:: PROBLEM TO WORK ON ::
Each line from the top of the listing down to and including the line with "New 2026 Kia K4 LXS image 21" must be duplicated exactly; pictures are to be skipped.

:: MATERIAL PROVIDED ::
((
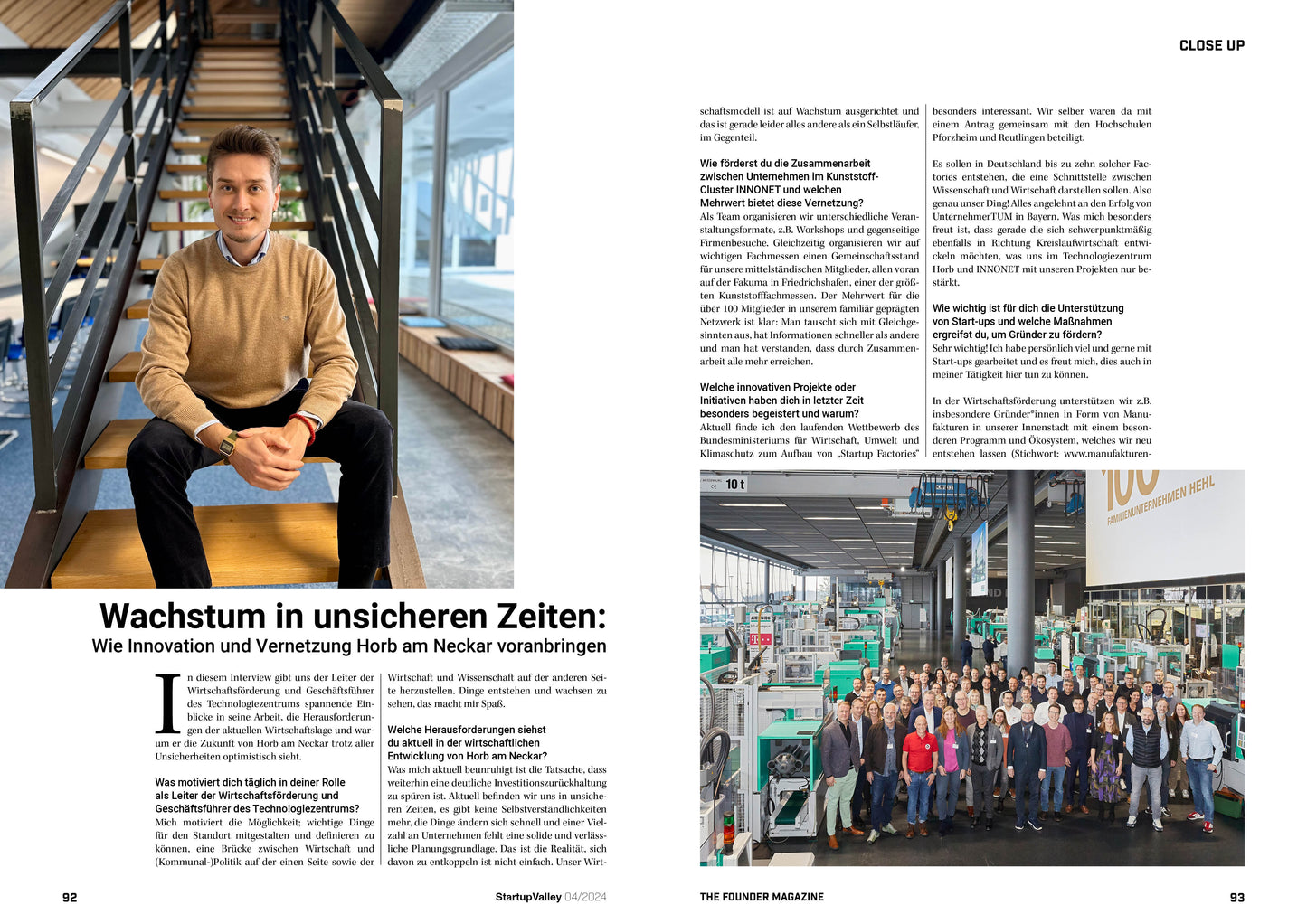 Wie KI die Zukunft von Start-ups neu definiert!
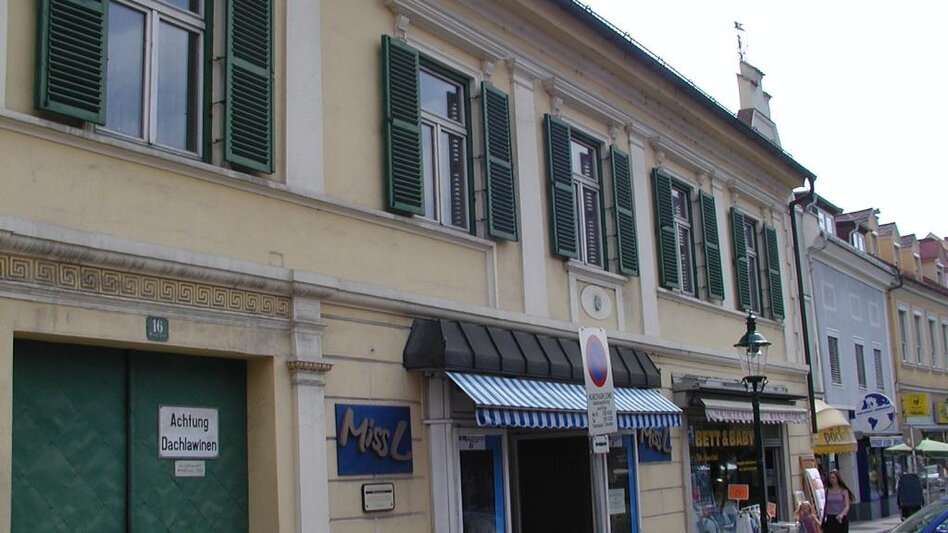 Stadtrundgang Historischer Stadtrundgang Voitsberg - Touren-Impression #2.3 | © Stadtgemeinde Voitsberg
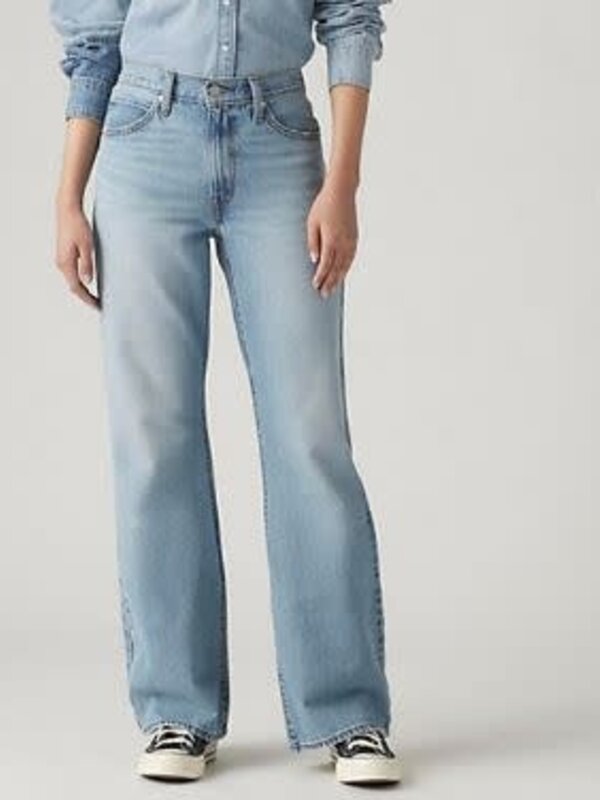 levi's Jeans femme `94 baggy boot smile for real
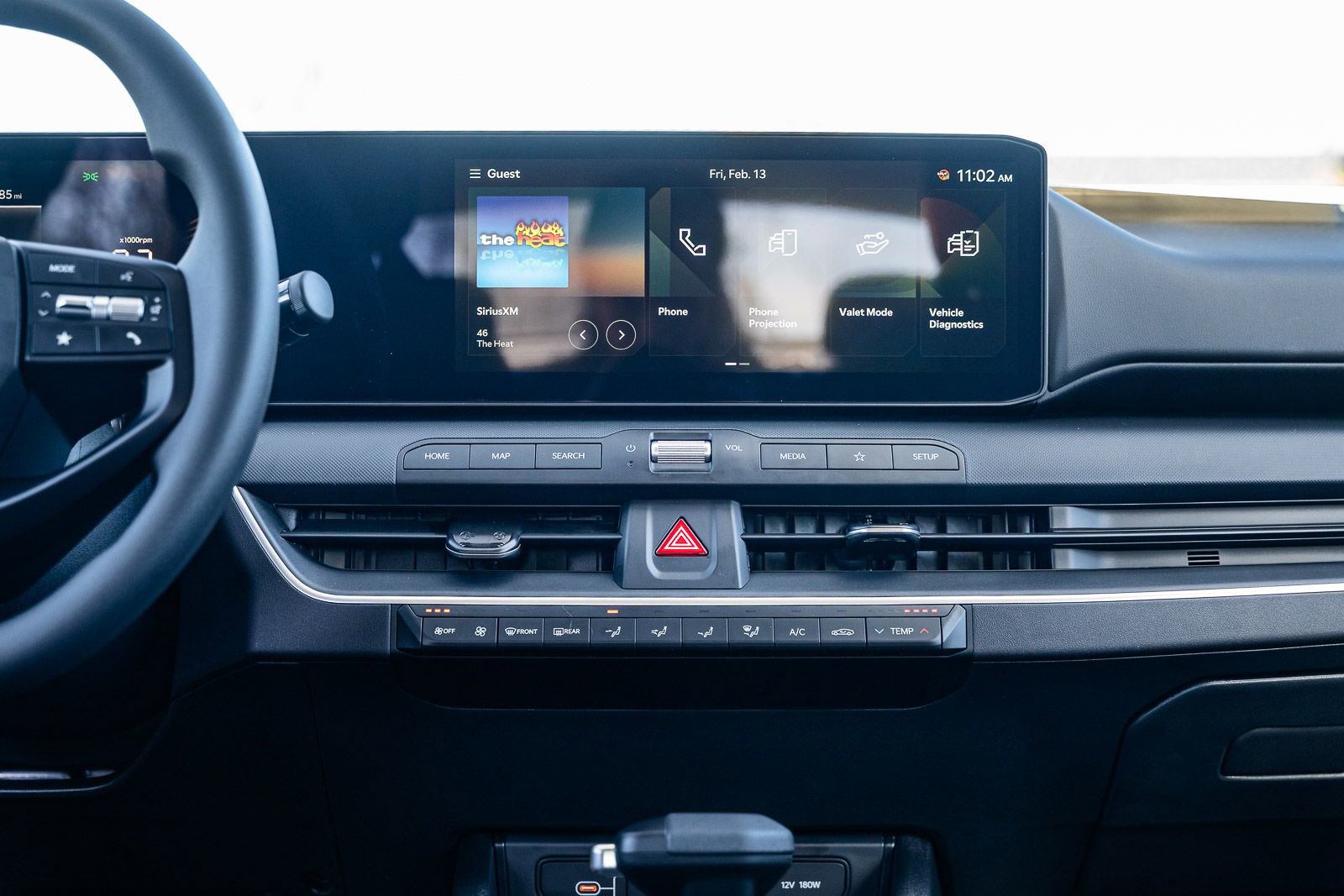 New 2026 Kia K4 LXS image 21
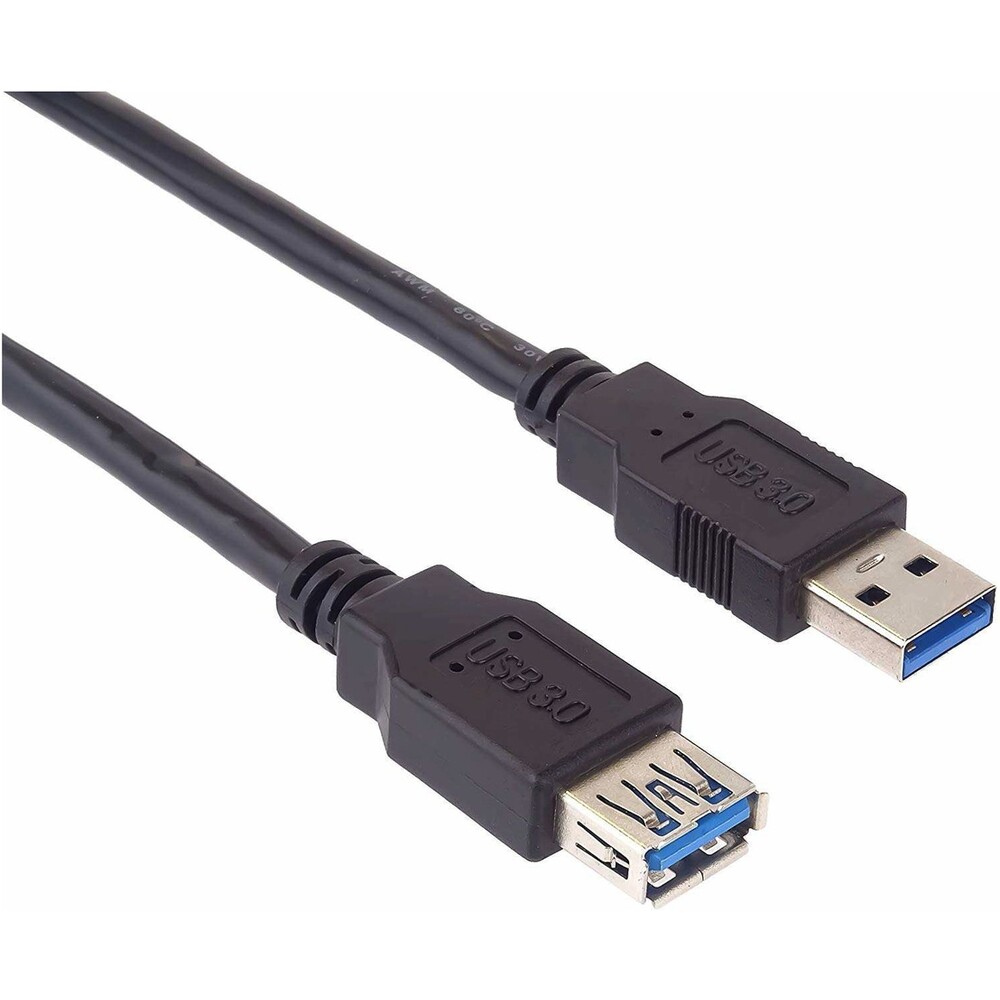 PremiumCord kabel prodlužovací USB 3.0 A-A 1m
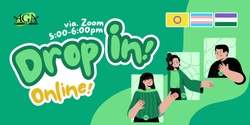 Banner image for Drop In: Online - May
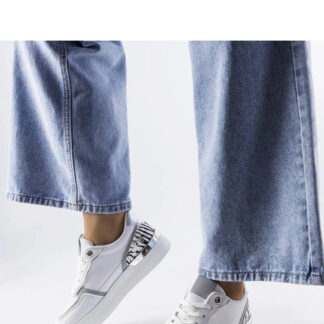 Sportchoenen op een platform model 207885 Solea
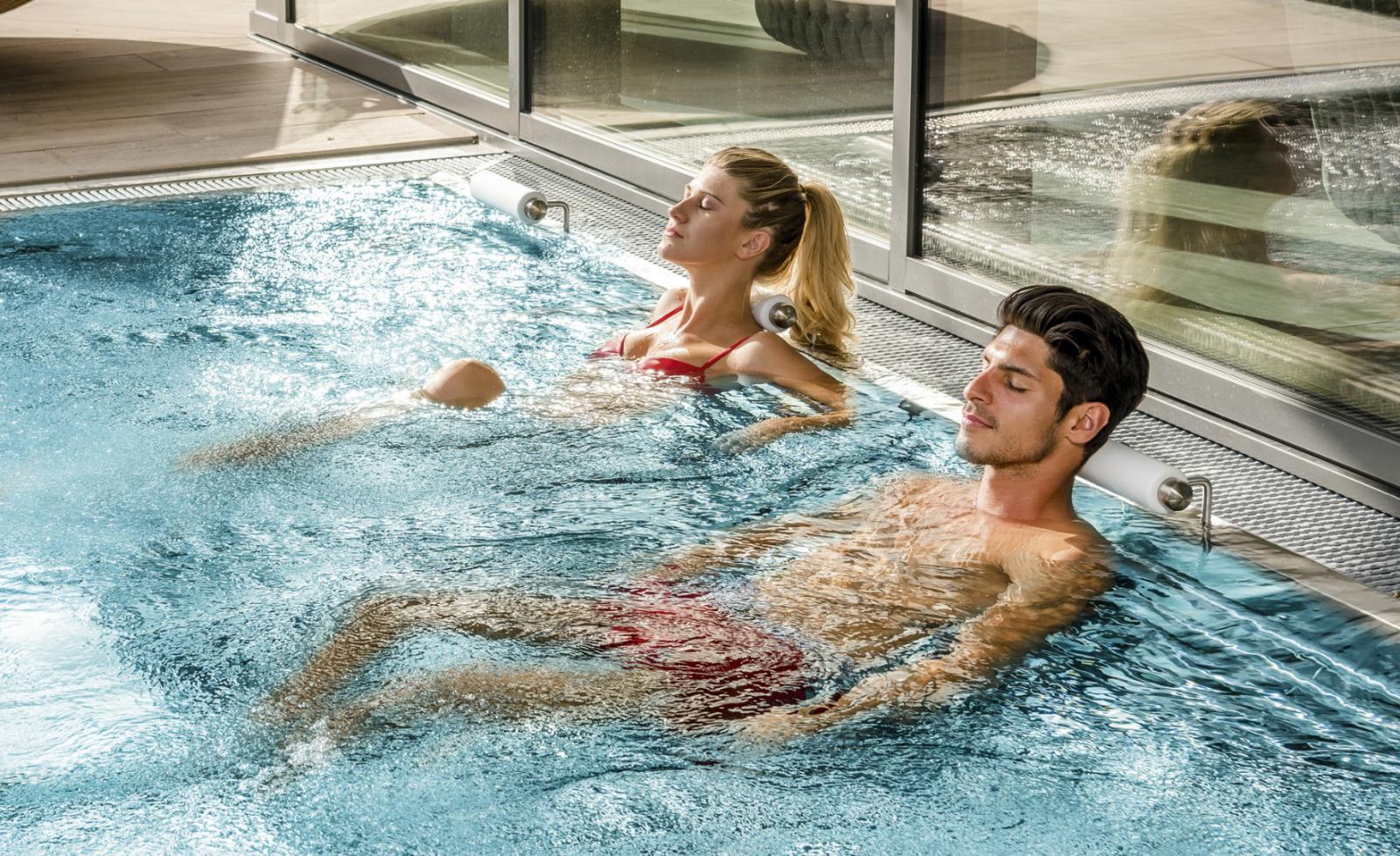 Fußreflexzonenmassage: Foto vom Wellnesshotel Wellness & Spa Resort Mooshof | Wellness Bayern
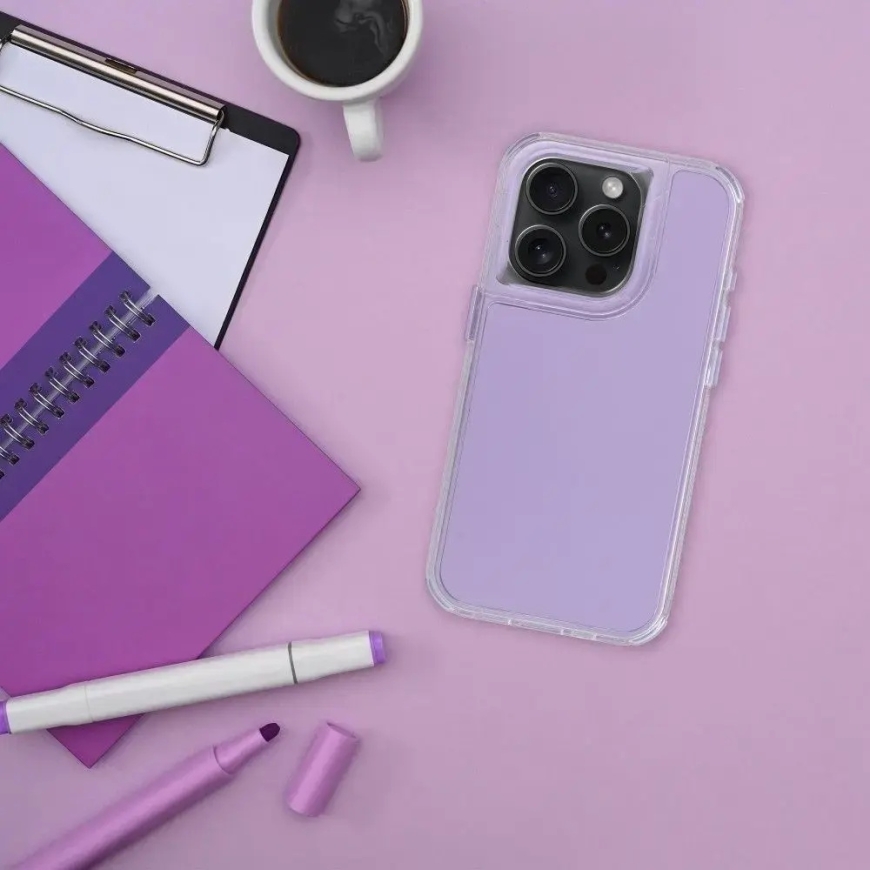 Matrix maciņš telefonam iPhone 18 Pro | iPhone 17 Pro violets – 3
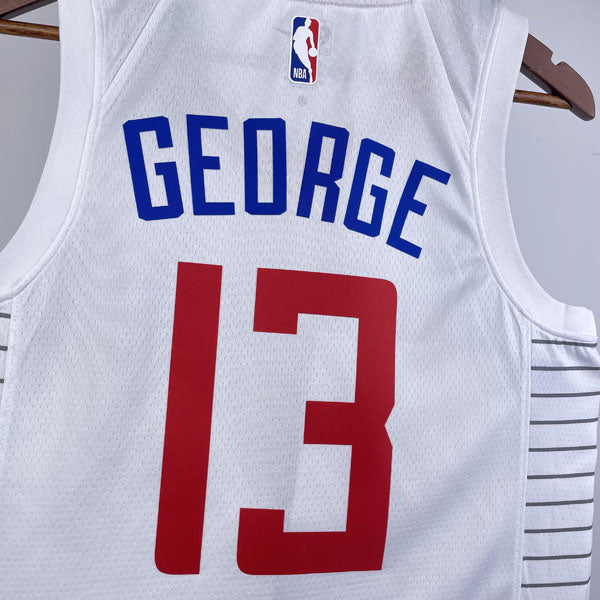 Regata NBA Los Angeles Clippers Association Edition 23/24 Paul George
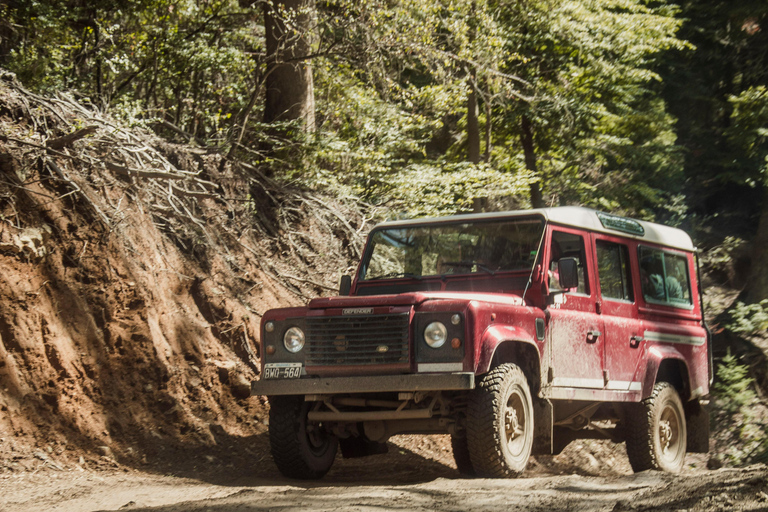Bariloche: Canopy in Cerro Lopez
))
:: TASK ANSWER ::
 Wie KI die Zukunft von Start-ups neu definiert!
 Stadtrundgang Historischer Stadtrundgang Voitsberg - Touren-Impression #2.3 | © Stadtgemeinde Voitsberg
 levi's Jeans femme `94 baggy boot smile for real
 New 2026 Kia K4 LXS image 21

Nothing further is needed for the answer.